(Exercise input begins)
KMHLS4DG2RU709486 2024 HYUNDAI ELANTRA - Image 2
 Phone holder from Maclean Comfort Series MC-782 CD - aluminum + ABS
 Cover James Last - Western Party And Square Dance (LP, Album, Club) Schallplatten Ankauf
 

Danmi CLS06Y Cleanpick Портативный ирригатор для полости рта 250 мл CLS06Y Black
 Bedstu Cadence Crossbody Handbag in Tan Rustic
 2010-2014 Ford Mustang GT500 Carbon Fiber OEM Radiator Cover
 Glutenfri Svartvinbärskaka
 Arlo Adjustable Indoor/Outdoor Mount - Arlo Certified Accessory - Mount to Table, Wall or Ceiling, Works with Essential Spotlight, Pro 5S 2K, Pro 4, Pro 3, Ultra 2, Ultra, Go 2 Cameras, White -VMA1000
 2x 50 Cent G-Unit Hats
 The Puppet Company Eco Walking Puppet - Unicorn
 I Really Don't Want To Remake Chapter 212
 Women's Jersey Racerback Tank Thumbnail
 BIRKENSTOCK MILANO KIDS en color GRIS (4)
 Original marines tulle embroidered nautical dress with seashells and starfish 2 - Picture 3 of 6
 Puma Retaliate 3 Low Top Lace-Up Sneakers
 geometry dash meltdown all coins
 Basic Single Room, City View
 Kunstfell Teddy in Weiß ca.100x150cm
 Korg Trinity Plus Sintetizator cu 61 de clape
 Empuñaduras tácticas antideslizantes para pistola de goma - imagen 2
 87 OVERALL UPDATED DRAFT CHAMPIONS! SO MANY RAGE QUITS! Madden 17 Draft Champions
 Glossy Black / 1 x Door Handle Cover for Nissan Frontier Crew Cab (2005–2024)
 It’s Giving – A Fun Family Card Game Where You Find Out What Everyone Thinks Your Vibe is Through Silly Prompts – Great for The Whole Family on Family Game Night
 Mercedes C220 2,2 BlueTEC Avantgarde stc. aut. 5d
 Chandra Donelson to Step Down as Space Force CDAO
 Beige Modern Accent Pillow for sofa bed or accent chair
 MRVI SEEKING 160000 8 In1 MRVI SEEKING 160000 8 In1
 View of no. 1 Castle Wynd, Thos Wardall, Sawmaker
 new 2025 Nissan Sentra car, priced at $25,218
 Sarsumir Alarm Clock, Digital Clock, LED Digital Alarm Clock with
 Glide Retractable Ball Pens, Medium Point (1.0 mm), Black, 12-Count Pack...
(Exercise input ends)
Letter for letter, copy all of the entries above.

Reply
KMHLS4DG2RU709486 2024 HYUNDAI ELANTRA - Image 2
 Phone holder from Maclean Comfort Series MC-782 CD - aluminum + ABS
 Cover James Last - Western Party And Square Dance (LP, Album, Club) Schallplatten Ankauf
 

Danmi CLS06Y Cleanpick Портативный ирригатор для полости рта 250 мл CLS06Y Black
 Bedstu Cadence Crossbody Handbag in Tan Rustic
 2010-2014 Ford Mustang GT500 Carbon Fiber OEM Radiator Cover
 Glutenfri Svartvinbärskaka
 Arlo Adjustable Indoor/Outdoor Mount - Arlo Certified Accessory - Mount to Table, Wall or Ceiling, Works with Essential Spotlight, Pro 5S 2K, Pro 4, Pro 3, Ultra 2, Ultra, Go 2 Cameras, White -VMA1000
 2x 50 Cent G-Unit Hats
 The Puppet Company Eco Walking Puppet - Unicorn
 I Really Don't Want To Remake Chapter 212
 Women's Jersey Racerback Tank Thumbnail
 BIRKENSTOCK MILANO KIDS en color GRIS (4)
 Original marines tulle embroidered nautical dress with seashells and starfish 2 - Picture 3 of 6
 Puma Retaliate 3 Low Top Lace-Up Sneakers
 geometry dash meltdown all coins
 Basic Single Room, City View
 Kunstfell Teddy in Weiß ca.100x150cm
 Korg Trinity Plus Sintetizator cu 61 de clape
 Empuñaduras tácticas antideslizantes para pistola de goma - imagen 2
 87 OVERALL UPDATED DRAFT CHAMPIONS! SO MANY RAGE QUITS! Madden 17 Draft Champions
 Glossy Black / 1 x Door Handle Cover for Nissan Frontier Crew Cab (2005–2024)
 It’s Giving – A Fun Family Card Game Where You Find Out What Everyone Thinks Your Vibe is Through Silly Prompts – Great for The Whole Family on Family Game Night
 Mercedes C220 2,2 BlueTEC Avantgarde stc. aut. 5d
 Chandra Donelson to Step Down as Space Force CDAO
 Beige Modern Accent Pillow for sofa bed or accent chair
 MRVI SEEKING 160000 8 In1 MRVI SEEKING 160000 8 In1
 View of no. 1 Castle Wynd, Thos Wardall, Sawmaker
 new 2025 Nissan Sentra car, priced at $25,218
 Sarsumir Alarm Clock, Digital Clock, LED Digital Alarm Clock with
 Glide Retractable Ball Pens, Medium Point (1.0 mm), Black, 12-Count Pack...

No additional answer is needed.